What are the cases a queue manager can loose its connectivy to repository in cluster encironment? I have an environment where a queue manager is losing its connectivity to repository often and i need to refresh the cluster to fix this and to re-establish communication with other queue manager in the cluster.

Our cluster has 100 queue managers and we have 2 repositories in it.

1
What exactly do you mean by "a queue manager is losing its connectivity to repository often?" Channel goes to retry? Repository no longer shows up in DIS CLUSQMGR? Cluster member no longer shows up at repository DIS CLUSQMGR? What version of WMQ and what do the error logs show when this happens?T.Rob
Hello Rob, I didn't do this check's during the issue.I just tried to put test msg to remote q and it is failing with MQRC 2087 error code even though the queue exists on remote server. After a cluster refresh it is working fine. I will do these check when i face it again. We have our repository in MQV7 and all other servers on MQV6.Vignesh
Channels are not in retrying state.Vignesh

1 Answers

2
votes

There are a few different issues that can cause this. One is if there are explicitly defined CLUSSDR channels pointing to a non-repository QMgr. This causes repository messages to arrive at the non-repos QMgr which can cause its amqrrmfa repository process to die. Another is that there have been a few APARS (such as this one) which can lead to that process dieing. The solutions, respectively, are to fix the configuration issues or to apply the latest Fix Pack. Another issue, less commonly seen, is that a message to a new QMgr will error out before the new QMgr can resolve to the local QMgr. In this case, the REFRESH doesn't actually cause the remote QMgr to resolve, it just provides time for the resolution to complete.

Debugging this involves isolating the possible causes. Check that amqrrmfa is running. Check that all non-repository QMgrs have one and ONLY one explicitly defined CLUSSDR channel. Verify that all repositories have one and ONLY one explicitly defined CLUSSDR to each other repository. If overlapping clusters are used make sure to NOT overlap the channels. This means avoiding channel names like TO.QMGR and prefer names like CLUSTER.QMGR. Verify this by insuring channels do not use the CLUSNL attribute and use the CLUSTER attribute instead. Finally, reconcile the objects in both repositories and the non-repository by issuing DIS CLUSQMGR(*) and DIS QCLUSTER(*). The repositories should have identical object inventories. If that's wrong then there's the problem. The non-repository should have an entry for every QMgr it has previously talked to.

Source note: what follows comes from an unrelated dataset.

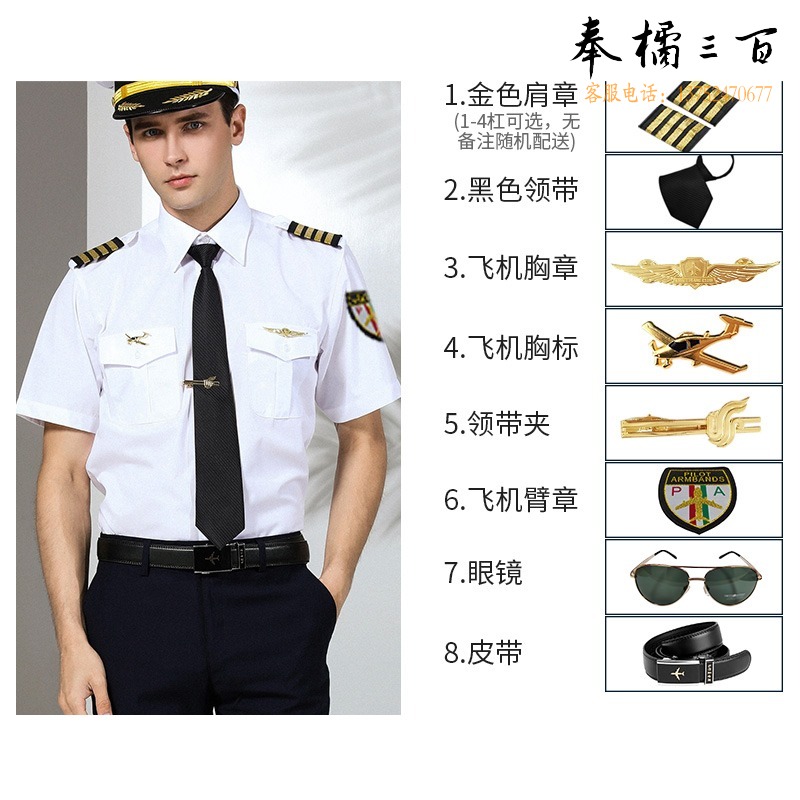 坚盾 DJ衬衫长短袖4机长制服男衬衫空少制服飞行员短袖男夜店航空机师空乘服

One thing I have seen in the past was that an administrator had scheduled a REFRESH CLUSTER. His thinking was that this was something they needed to do to fix the cluster so why not run it on a regular basis? So he scheduled it to run daily. Then each night it made the QMgr forget about the other QMgrs in the cluster and the first time an app resolved a remote QMgr each day there was a flurry of repository traffic. This caused enough of a delay that there were a few 2087 errors each morning. Not that you would do such a thing. :-)